One thing to note is that this "local" catalog only contains the information for the images imported locally or downloaded from the master library in the cloud.  The "local Libraries" for Lightroom on the desktop and on each mobile device will contain different content depending upon what is sync'd from the Adobe Cloud master.


----------



## Jim Wilde (May 3, 2022)

clee01l said:


> One thing to note is that this "local" catalog only contains the information for the images imported locally or downloaded from the master library in the cloud.  The "local Libraries" for Lightroom on the desktop and on each mobile device will contain different content depending upon what is sync'd from the Adobe Cloud master.
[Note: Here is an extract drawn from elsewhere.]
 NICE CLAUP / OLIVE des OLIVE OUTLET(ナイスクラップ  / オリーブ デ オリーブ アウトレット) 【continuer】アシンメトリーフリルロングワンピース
Yes, the local catalog will contain local-specific data such as which files and smart previews are currently stored locally, but the local catalog will also contain all the metadata relating to all the images in the user's library. All of the filter bar searches are conducted using the local catalog, so it follows that all the metadata information for all images has to be stored in those local catalogs.


----------



## Rob_Cullen (May 4, 2022)

Great advice from both Jim and Cletus, and good to know the details.  
Thanks @Jim Wilde  and @clee01l
When giving my advice (especially to beginners) I would rather not confuse the issue. As with BobT looking for a Catalog as if it were the same as a Lightroom-Classic catalog that can be copied, backed up, etc.


----------



## PhilBurton (May 4, 2022)

clee01l said:


> In regard to Lightroom and the Adobe Cloud. Adobe maintains the integrity of the CURRENT data only. There is no backup of earlier data states except for the retention of the last 60 days of deleted image files. If you make a mistake, you can’t go back to an earlier catalog state and recover. And if you delete an image file by mistake, it is unrecoverable after 60 days.
> 
> All of the above are available with a system backup and Lightroom Classic backup catalogs.
> 
> ...


Clee,

Just a possibly uninformed guess here.  and I may be oversimplifying a lot.
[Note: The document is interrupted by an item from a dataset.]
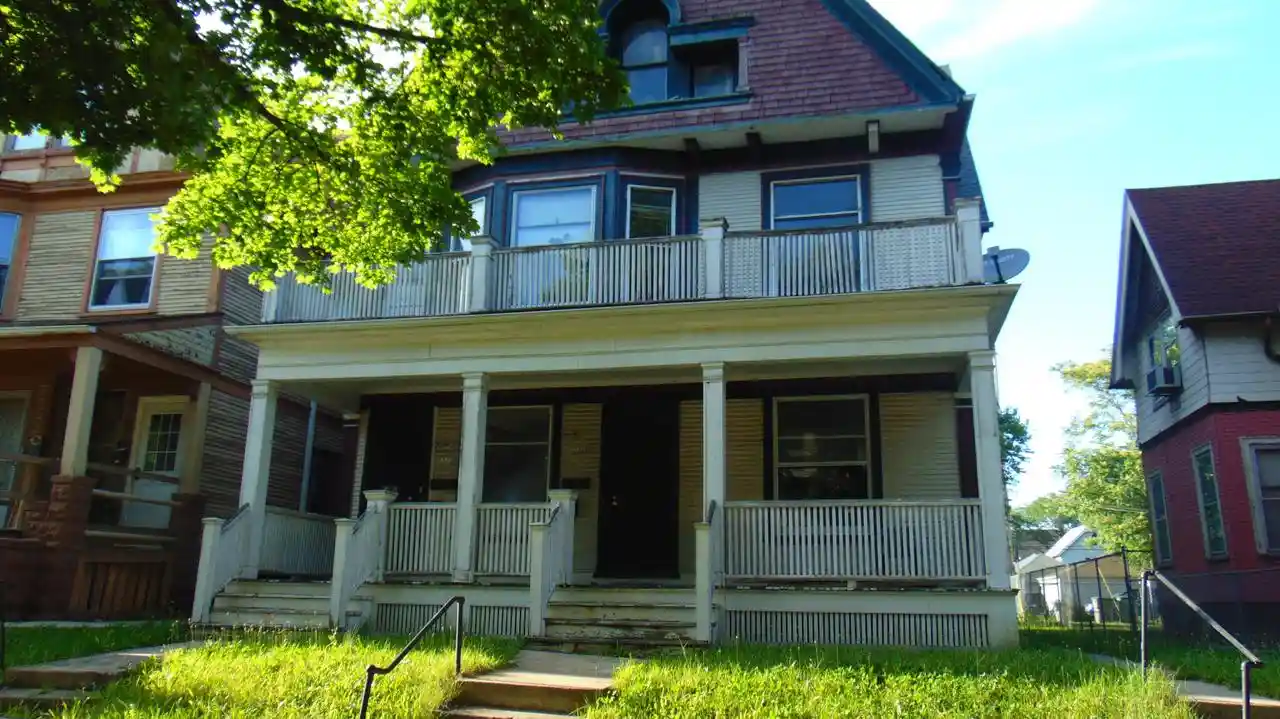 3320-w-saint-paul-avenue-w-avenue-w-3322-milwaukee-wi-53208/hzid_f19dd85c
LrC users are more experienced with PCs and their issues than LR users.  If so, then LR uses aren't as attuned to issues of backup and generations of backup as are LrC users.  And Adobe is addressing the concerns of each user set accordingly.


----------



## johnbeardy (May 4, 2022)

Rob_Cullen said:


> When giving my advice (especially to beginners) I would rather not confuse the issue. As with BobT looking for a Catalog as if it were the same as a Lightroom-Classic catalog that can be copied, backed up, etc.
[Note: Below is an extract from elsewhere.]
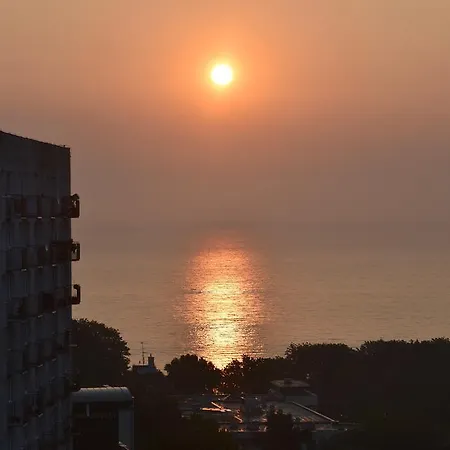 Lighthouse Apartament 格丁尼亚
That risk of confusion is why I'd avoid saying that Cloudy Lightroom has a catalogue other than the one that's out of reach up in Adobe's cloud. Folk need shocking out of the assumption that it's as important as the Classic Lightroom catalogue. It's just an "offline cache" or "local cache".


----------



## Guido Belli (May 4, 2022)

Thank you for the enlightening details you gurus have provided. Very interesting but one question is still unanswered. 
Since the “master” database sits on Adobe’s servers, it would be interesting to know Adobe's security policy.
Maybe you find this page interesting https://status.adobe.com/cloud/creative_cloud . It reports Lightroom (Cloud based) staus and maintenance schedule.


----------



## Conrad Chavez (May 4, 2022)

Guido Belli said:


> Thank you for the enlightening details you gurus have provided. Very interesting but one question is still unanswered.
> Since the “master” database sits on Adobe’s servers, it would be interesting to know Adobe's security policy.


Adobe has this page, that leads to additional links: Creative Cloud Security
Also, you can subscribe to an email newsletter that lists the latest vulnerabilities. Go to the Security Bulletins and Advisories page, expand Notify Me in the sidebar, and you can subscribe to a newsletter and, more importantly, Adobe Security Notifications. Or you can just read the bulletin links on that page.


----------



## Guido Belli (May 4, 2022)

Conrad Chavez said:


> Adobe has this page, that leads to additional links: Creative Cloud Security
> Also, you can subscribe to an email newsletter that lists the latest vulnerabilities. Go to the Security Bulletins and Advisories page, expand Notify Me in the sidebar, and you can subscribe to a newsletter and, more importantly, Adobe Security Notifications. Or you can just read the bulletin links on that page.


Thank you!


----------